• [INSTRUCTIONS FOR THE TASK] In the entries that follow, repeat exactly the lines from the one that has "Серая железная дверь" through the one that has "Peregian Beach House", but omit pictures.
(EXCERPTED DATA begins)
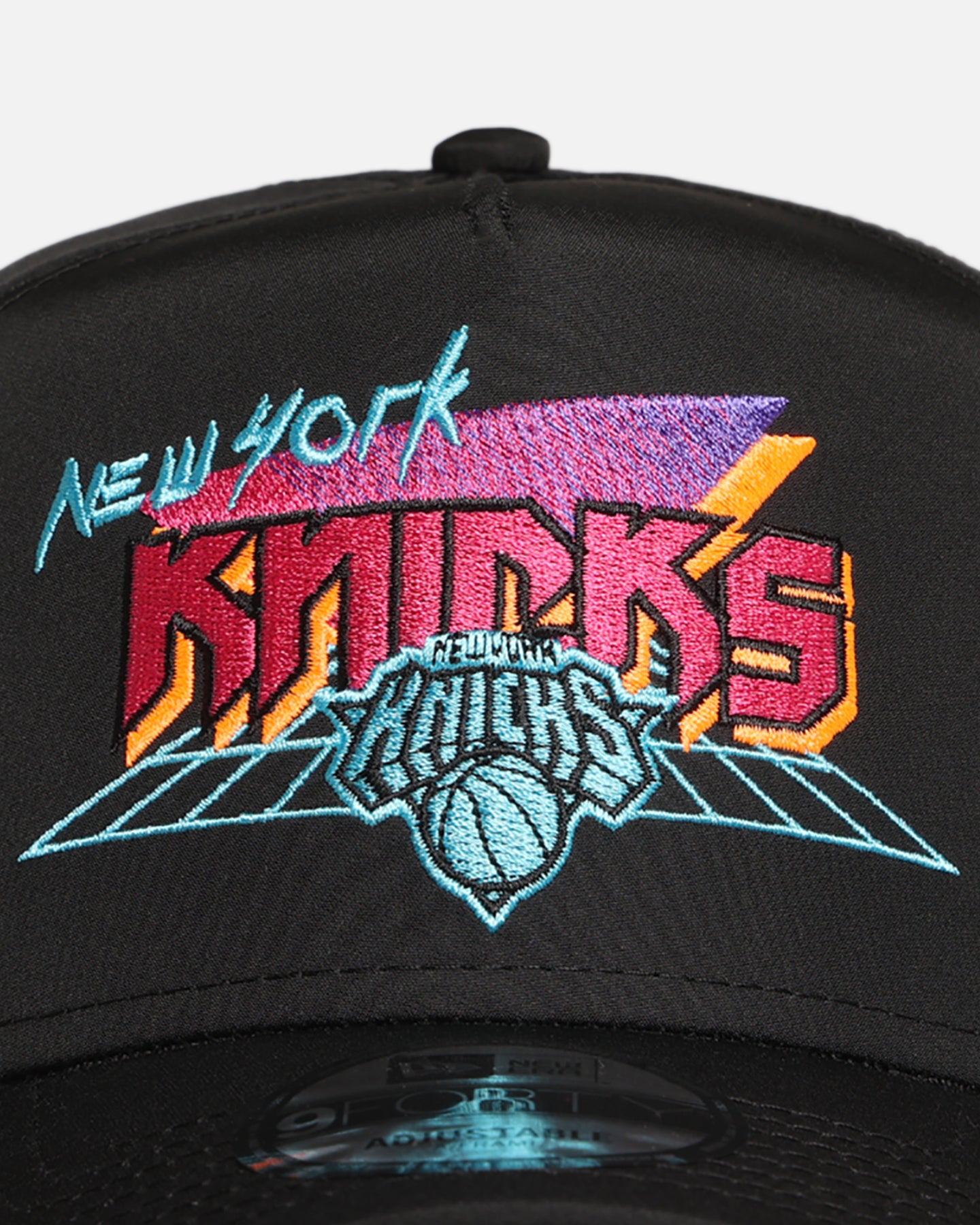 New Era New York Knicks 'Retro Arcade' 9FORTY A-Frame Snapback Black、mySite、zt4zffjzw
(EXCERPTED DATA ends)
(EXCERPTED DATA begins)
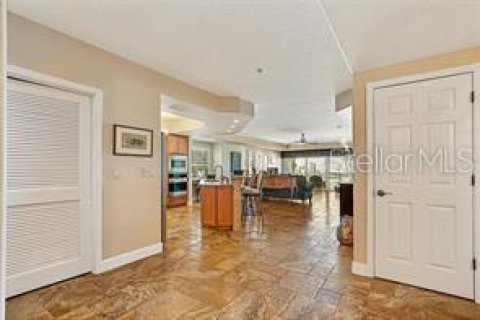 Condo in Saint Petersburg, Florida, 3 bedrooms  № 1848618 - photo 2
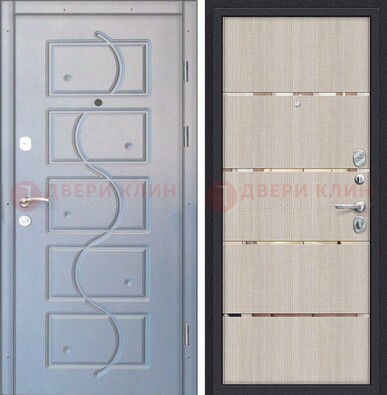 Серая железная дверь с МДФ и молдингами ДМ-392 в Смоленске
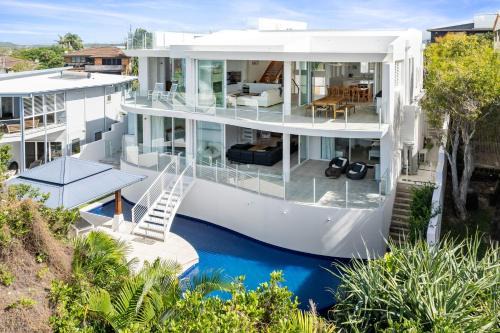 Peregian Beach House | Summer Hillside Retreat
(EXCERPTED DATA ends)
• [SOLVED PROBLEM]
 Серая железная дверь с МДФ и молдингами ДМ-392 в Смоленске
 Peregian Beach House | Summer Hillside Retreat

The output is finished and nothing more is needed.